Cordless phones and cell phones communicate via radio transmissions, & offer no promise of privacy, so your personal information is fair game for any low-life with the equipment to eavesdrop and collect your financial data to use for their own purposes (identy theft is big business). I will always maintain a landline for security.

Cell phone reception in my area is patchy at best (high mountain, rural area), but both hubby and I have cell phones to use in town and when traveling. (Cheap, shared minutes plan). Has anyone tried to find a pay phone lately? Mission impossible. Don't get stranded in the dark in a strange place without a cell phone.


----------



## just jim (Oct 18, 2007)

Just cut the land line last month.
My sister and her family have been using only cell phones for years, and they love it.
So my wife and I finally decided to go the same route.
When we had the land line, we never answered it, always let it go to machine.
The hardest thing to get used to was not looking for the blinking light when we walked in the door.

I have to say, I'm not regretting this move.
We've even gotten better at texting, which is umlimited for us, mostly because of our daughter.
I do not regret paying less overall a month for phone service.


----------



## amazingrace (Jul 28, 2006)

Just be careful what info you broadcast. There's all sorts of creeps trolling the airwaves.


----------



## heidih (Sep 29, 2008)

I gave up my land line long ago, and only have a cell. My internet is through my cable company. No regrets. I do miss having fax abilities though.


----------



## shroomgirl (Aug 11, 2000)

both.....DSL and landline for business listing in phonebook. 

Cell....I was a confirmed ludite, it makes it so easy to stay in contact with family. Or when I'm on long trips it's time to catch up on calls, or long waits etc.

For catering it's a time saver, your lost staff can be guided in, your host has no ice....staff can pick it up on the way.....really has become important. Clients can reach me quickly.
Ditto crowds, ditto emergencies...you may not have them often but if you do it's value cannot be underestimated.

My brother and nephew bought cheap phones on the internet and pay month to month $10 a month for 80 minutes. The 4 women in his family are on a family plan with 3000 minutes/my mom's Verizon account.

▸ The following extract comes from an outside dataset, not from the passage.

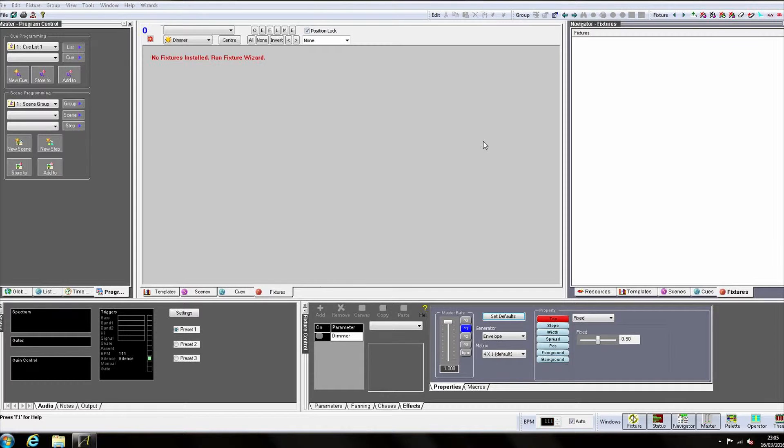We then create an instance of this template within Artist, patching it to a virtual DMX line and giving it an address. This instance is called a fixture. Once we have patched our fixture, the template is no longer required as the fixture is saved directly into our workspace. This allows us to load different template files without upsetting any fixtures we currently have patched. When we come to program, we use the fixtures we have patched as a means of communicating with our lights from Artist.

Verizon techs are pretty good about providing tutorials and quickly fixing repairs.


----------



## chrose (Nov 20, 2000)

Thanks for the thoughts. I am old school ( a fancy way of just saying old...) and so we have decided to keep the land line as well. We got a family plan with my son who already had a phone and so whoopie. I have a cell phone and no one to call


----------



## shroomgirl (Aug 11, 2000)

one of the really cool things my techno brother has is specific call "rings' for people.....when my father calls my brother, his phone will start saying "who's your daddy", when my mom calls my bro....it's "this is your mother calling pick up the phone", his wife Sherry has Sherry Baby, each of his kids has a special one.....not sure what mine is, it would be interesting to find out.:crazy:


----------



## yuns555 (Mar 6, 2006)

i only had a cell phone only until i moved and since i work for a telecommunication company, i have a landline because it's comp'd. the only calls i get on that line are from telemarketers.


----------